Fark çok az, ama olsun. Luiz Inacio Lula da Silva, aşırı sağcı Jair Bolsonaro’yu ikinci turda geçerek Latin Amerika’nın en büyük ekonomisine sahip ülkesi Brezilya’yı üçüncü kez yönetme şansına kavuştu.
“Küllerinden doğdu” denmesinde haklılık payı var. Hem güçlüklerden yılmamasının hem de taraftarlarının ona yönelik bitmeyen desteğinin kazandığı zaferde payı büyük. Ama ona seçim kazandıran başka etkenler de var. İlki herhalde, rakibi Bolsonaro’nun tam 700 bin Brezilyalı’nın ölümüne yol açan salgını yönetmedeki beceriksizliğidir. Bulunduğu konuma aldırmadan aşı karşıtlığı yapması, salgınlardaki en basit önlemlerden biri olan karantina uygulamalarına açıktan tavır alması, (bölgelerinde karantina uygulayan çok valiyi görevden uzaklaştırmıştır) seçmen tarafından unutulmadı demek ki.
Sağla uzlaştı
Lula’nın öncekilerden farklı olarak bu yaşamsal önemdeki seçimlerde merkez solun yanı sıra Bolsonaro karşıtı sağ partilerle ittifak yapması da sonuçta etkili oldu. Evet, Lula 2006 başkanlık seçimlerinde yenmeyi başardığı rakibi merkez sağın lideri Geraldo Alckmin’le de müttefik olarak girdi bu seçime. Anlamı şu; kendisine asla oy vermeyeceği bilinen ılımlı sağcıların da desteğini aldı Lula.

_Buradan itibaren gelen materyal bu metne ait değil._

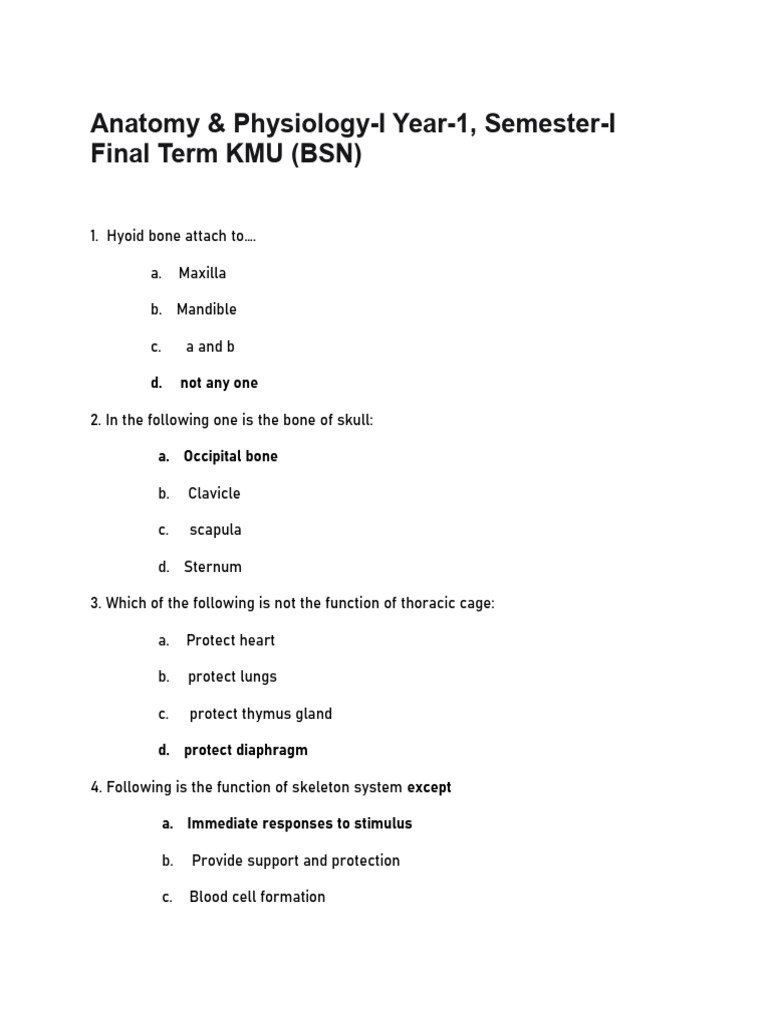 ANATOMY AND PHYSIOLOGY QUESTIONS PDF FREE DOWNLOAD visual data 5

Hiçbir parti lideri ya da genel başkanı “doğal seçmenine” “çantada keklik” gözüyle bakmamalı. Lula kendisine oy vereceği garanti olan ülkenin en yoksul bölgesi – dokuz eyaletten oluşur, ırksal çeşitliliği de vardır – kuzeydoğudan aldı oylarının çoğunu. Ama bölgeye önceki başkanlıklarında sosyal yardımlar yağdırmasına rağmen, seçim kampanyasına başlamadan önce de, sanki hiç yapmamış gibi aynı yardımlar için söz verdi. Bu tutumu ülkenin kuzeyindeki yoksul seçmen üzerinde sadece seçim zamanı anımsanmadıkları duygusunu pekiştirdi.
Demokrasi için
Lula’nın belki de en büyük başarısı seçim kampanyasını yoksullukla mücadele üzerine kurduğu kadar demokrasi vurgusunu da ihmal etmemesi oldu. Böylelikle, seçimin kendisiyle ilgili değil demokrasinin savunulmasıyla ilgili olduğunu anlatmayı başardı seçmenlere. Bolsonaro’nun diktatörce tutumunun da bunda etkisi var tabii. Sağcı politikacı bu konuda o kadar ileri gitti ki, iyi kötü demokrasiye alışmış Brezilya’da daha önce olmadığı kadar, eski/emekli askerleri kilit makamlara atadı. Bu tutumdan ürken seçmenin endişesini Lula demokrasi vaadiyle kendisine desteğe çevirebildi. Diktatörce tutumlar, “tek adamlık” arzusu hiç bir yerde sanıldığı kadar destek getirmez heveslilerine. Brezilya seçimleri bunu gösterdi. Aklı olan ders alır.
Hristiyanlara söz
Brezilya nüfusunun üçte biri yani 65 milyondan fazla insan kendini Evanjelik Hristiyan olarak tanımlıyor. İlk turda Bolsonaro’ya bunlardan yüzde 70 oranında oy gitti. Ancak Lula, seslendiği seçmen kitlesini bu topluluklara da açılarak genişletti. Onlara garantiler sundu. Hatta, “bu konuda Kongre karar verir" diyerek ılımlı davransa da kürtaja karşı olduğunu bile söyledi. “Hristiyanlara Mektup” başlıklı bildirilerinde iktidarında onların hassasiyetlerine dikkat edeceğini vaat etti. Bunlar Evanjelik Hristiyanları iknaya yetti. Lula bu kesimlerden azımsanmayacak oy aldı. (Yüzde 2’lik bir farkla Bolsonaro’yu geçtiğini görünce, bunları da yapmasaydı Lula kazanamazdı belki de diye düşünüyor insan)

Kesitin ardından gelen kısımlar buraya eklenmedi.